EXERCISE BRIEF:
The answer consists solely of the data below, reproduced exactly.

(Stored entries)
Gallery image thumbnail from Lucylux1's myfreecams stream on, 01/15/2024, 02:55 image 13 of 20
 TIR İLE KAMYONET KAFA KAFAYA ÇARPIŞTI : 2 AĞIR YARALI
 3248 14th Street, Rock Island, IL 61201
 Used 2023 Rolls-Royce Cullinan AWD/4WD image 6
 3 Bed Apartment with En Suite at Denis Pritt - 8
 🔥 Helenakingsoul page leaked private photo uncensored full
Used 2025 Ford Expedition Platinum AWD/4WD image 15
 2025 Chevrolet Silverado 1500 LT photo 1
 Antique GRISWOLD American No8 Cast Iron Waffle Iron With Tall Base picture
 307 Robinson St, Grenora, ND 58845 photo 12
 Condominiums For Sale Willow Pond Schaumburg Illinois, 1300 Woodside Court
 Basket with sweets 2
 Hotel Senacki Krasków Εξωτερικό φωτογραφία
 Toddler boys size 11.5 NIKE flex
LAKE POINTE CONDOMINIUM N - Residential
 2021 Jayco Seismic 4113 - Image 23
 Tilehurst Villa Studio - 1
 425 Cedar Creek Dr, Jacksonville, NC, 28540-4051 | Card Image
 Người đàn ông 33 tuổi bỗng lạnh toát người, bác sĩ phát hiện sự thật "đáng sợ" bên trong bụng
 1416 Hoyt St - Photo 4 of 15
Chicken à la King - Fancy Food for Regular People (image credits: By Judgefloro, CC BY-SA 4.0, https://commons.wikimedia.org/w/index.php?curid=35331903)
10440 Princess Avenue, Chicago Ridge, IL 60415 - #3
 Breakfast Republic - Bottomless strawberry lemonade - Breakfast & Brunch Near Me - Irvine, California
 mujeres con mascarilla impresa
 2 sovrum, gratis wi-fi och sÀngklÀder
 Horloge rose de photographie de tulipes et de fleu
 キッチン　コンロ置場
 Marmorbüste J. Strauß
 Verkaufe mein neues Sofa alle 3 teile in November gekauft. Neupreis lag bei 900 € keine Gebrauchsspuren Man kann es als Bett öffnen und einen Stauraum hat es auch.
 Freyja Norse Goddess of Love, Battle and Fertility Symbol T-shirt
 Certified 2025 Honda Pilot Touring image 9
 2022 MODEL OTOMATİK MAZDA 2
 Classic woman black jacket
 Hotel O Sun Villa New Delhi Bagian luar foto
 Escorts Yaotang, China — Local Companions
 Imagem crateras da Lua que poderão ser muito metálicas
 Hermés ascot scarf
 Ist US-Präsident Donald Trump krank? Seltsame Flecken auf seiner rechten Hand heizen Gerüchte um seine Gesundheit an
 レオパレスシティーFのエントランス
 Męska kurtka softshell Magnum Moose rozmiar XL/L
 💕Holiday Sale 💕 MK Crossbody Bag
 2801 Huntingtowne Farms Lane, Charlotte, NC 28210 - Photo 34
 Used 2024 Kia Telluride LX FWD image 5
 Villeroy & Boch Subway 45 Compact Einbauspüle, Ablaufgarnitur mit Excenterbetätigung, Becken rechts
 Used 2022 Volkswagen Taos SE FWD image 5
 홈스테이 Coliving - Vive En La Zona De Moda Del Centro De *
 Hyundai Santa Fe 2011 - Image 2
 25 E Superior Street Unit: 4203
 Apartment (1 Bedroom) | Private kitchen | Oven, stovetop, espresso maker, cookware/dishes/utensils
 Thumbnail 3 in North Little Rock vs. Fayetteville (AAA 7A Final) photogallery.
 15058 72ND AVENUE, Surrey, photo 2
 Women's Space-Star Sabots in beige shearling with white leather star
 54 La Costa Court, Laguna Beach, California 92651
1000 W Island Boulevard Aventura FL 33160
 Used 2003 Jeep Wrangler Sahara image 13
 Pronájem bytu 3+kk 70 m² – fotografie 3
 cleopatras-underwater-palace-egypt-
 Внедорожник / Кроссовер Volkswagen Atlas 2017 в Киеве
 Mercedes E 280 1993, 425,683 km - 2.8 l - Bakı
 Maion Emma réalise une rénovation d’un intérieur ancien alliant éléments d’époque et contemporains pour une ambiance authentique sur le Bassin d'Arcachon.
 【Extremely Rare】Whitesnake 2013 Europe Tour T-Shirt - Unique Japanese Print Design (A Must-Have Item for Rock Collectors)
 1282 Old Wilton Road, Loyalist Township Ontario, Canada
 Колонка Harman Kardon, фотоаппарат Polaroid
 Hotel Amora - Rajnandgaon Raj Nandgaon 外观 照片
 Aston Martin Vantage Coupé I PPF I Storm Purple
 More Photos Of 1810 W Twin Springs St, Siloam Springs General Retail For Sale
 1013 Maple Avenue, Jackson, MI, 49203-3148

RESULT OF THE EXERCISE:
Gallery image thumbnail from Lucylux1's myfreecams stream on, 01/15/2024, 02:55 image 13 of 20
 TIR İLE KAMYONET KAFA KAFAYA ÇARPIŞTI : 2 AĞIR YARALI
 3248 14th Street, Rock Island, IL 61201
 Used 2023 Rolls-Royce Cullinan AWD/4WD image 6
 3 Bed Apartment with En Suite at Denis Pritt - 8
 🔥 Helenakingsoul page leaked private photo uncensored full
Used 2025 Ford Expedition Platinum AWD/4WD image 15
 2025 Chevrolet Silverado 1500 LT photo 1
 Antique GRISWOLD American No8 Cast Iron Waffle Iron With Tall Base picture
 307 Robinson St, Grenora, ND 58845 photo 12
 Condominiums For Sale Willow Pond Schaumburg Illinois, 1300 Woodside Court
 Basket with sweets 2
 Hotel Senacki Krasków Εξωτερικό φωτογραφία
 Toddler boys size 11.5 NIKE flex
LAKE POINTE CONDOMINIUM N - Residential
 2021 Jayco Seismic 4113 - Image 23
 Tilehurst Villa Studio - 1
 425 Cedar Creek Dr, Jacksonville, NC, 28540-4051 | Card Image
 Người đàn ông 33 tuổi bỗng lạnh toát người, bác sĩ phát hiện sự thật "đáng sợ" bên trong bụng
 1416 Hoyt St - Photo 4 of 15
Chicken à la King - Fancy Food for Regular People (image credits: By Judgefloro, CC BY-SA 4.0, https://commons.wikimedia.org/w/index.php?curid=35331903)
10440 Princess Avenue, Chicago Ridge, IL 60415 - #3
 Breakfast Republic - Bottomless strawberry lemonade - Breakfast & Brunch Near Me - Irvine, California
 mujeres con mascarilla impresa
 2 sovrum, gratis wi-fi och sÀngklÀder
 Horloge rose de photographie de tulipes et de fleu
 キッチン　コンロ置場
 Marmorbüste J. Strauß
 Verkaufe mein neues Sofa alle 3 teile in November gekauft. Neupreis lag bei 900 € keine Gebrauchsspuren Man kann es als Bett öffnen und einen Stauraum hat es auch.
 Freyja Norse Goddess of Love, Battle and Fertility Symbol T-shirt
 Certified 2025 Honda Pilot Touring image 9
 2022 MODEL OTOMATİK MAZDA 2
 Classic woman black jacket
 Hotel O Sun Villa New Delhi Bagian luar foto
 Escorts Yaotang, China — Local Companions
 Imagem crateras da Lua que poderão ser muito metálicas
 Hermés ascot scarf
 Ist US-Präsident Donald Trump krank? Seltsame Flecken auf seiner rechten Hand heizen Gerüchte um seine Gesundheit an
 レオパレスシティーFのエントランス
 Męska kurtka softshell Magnum Moose rozmiar XL/L
 💕Holiday Sale 💕 MK Crossbody Bag
 2801 Huntingtowne Farms Lane, Charlotte, NC 28210 - Photo 34
 Used 2024 Kia Telluride LX FWD image 5
 Villeroy & Boch Subway 45 Compact Einbauspüle, Ablaufgarnitur mit Excenterbetätigung, Becken rechts
 Used 2022 Volkswagen Taos SE FWD image 5
 홈스테이 Coliving - Vive En La Zona De Moda Del Centro De *
 Hyundai Santa Fe 2011 - Image 2
 25 E Superior Street Unit: 4203
 Apartment (1 Bedroom) | Private kitchen | Oven, stovetop, espresso maker, cookware/dishes/utensils
 Thumbnail 3 in North Little Rock vs. Fayetteville (AAA 7A Final) photogallery.
 15058 72ND AVENUE, Surrey, photo 2
 Women's Space-Star Sabots in beige shearling with white leather star
 54 La Costa Court, Laguna Beach, California 92651
1000 W Island Boulevard Aventura FL 33160
 Used 2003 Jeep Wrangler Sahara image 13
 Pronájem bytu 3+kk 70 m² – fotografie 3
 cleopatras-underwater-palace-egypt-
 Внедорожник / Кроссовер Volkswagen Atlas 2017 в Киеве
 Mercedes E 280 1993, 425,683 km - 2.8 l - Bakı
 Maion Emma réalise une rénovation d’un intérieur ancien alliant éléments d’époque et contemporains pour une ambiance authentique sur le Bassin d'Arcachon.
 【Extremely Rare】Whitesnake 2013 Europe Tour T-Shirt - Unique Japanese Print Design (A Must-Have Item for Rock Collectors)
 1282 Old Wilton Road, Loyalist Township Ontario, Canada
 Колонка Harman Kardon, фотоаппарат Polaroid
 Hotel Amora - Rajnandgaon Raj Nandgaon 外观 照片
 Aston Martin Vantage Coupé I PPF I Storm Purple
 More Photos Of 1810 W Twin Springs St, Siloam Springs General Retail For Sale
 1013 Maple Avenue, Jackson, MI, 49203-3148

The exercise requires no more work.